We thank all the reviewers. We are glad that the reviewers have found that "variational Nyström method subsequently feels logical and well-motivated" and it has "insightful overview Table 1 and the good improvements in approximation and number of landmarks".$
Assigned_Reviewer_1:

Thanks for thoughtful and important comments.

Use of full M in VN. For the same number of landmarks, VN (as LLL) gives better approximation than Nystrom, because it uses non-landmark elements from M, while Nystrom just ignores them. We agree that it ends up being more costly, but the overall trade-off is more favorable towards VN and LLL as we show in the experimental section. If the matrix is way too dense and too large to use, we can further sparsify it e.g. by setting its smallest elements to zero. We think that this gives better results than Nystrom, that just ignores the whole non-landmark rows of the affinity matrix.
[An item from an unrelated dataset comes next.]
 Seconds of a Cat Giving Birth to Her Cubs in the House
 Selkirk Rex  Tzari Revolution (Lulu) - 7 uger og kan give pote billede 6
Computational cost. Practically, for many applications, M is (very) sparse. The computational cost is O(C.N.L^2), where C depends on the number of non-zeros in M. While the exact formula depends on the particular structure of M, for sparse M when C much less than N^2 the total cost is linear.

Thanks for pointing us to the Gisbrecht et al paper. The analysis and the formulas that they got in sec. 4.1 matches nicely our data from tab.1. Their analysis of converting dissimilarities to the affinities can be used as a preprocessing step before VN, precisely because VN can work with (dis)similarities as an input (unlike LLL, as we note in l.390-395). We will reflect this in the paper.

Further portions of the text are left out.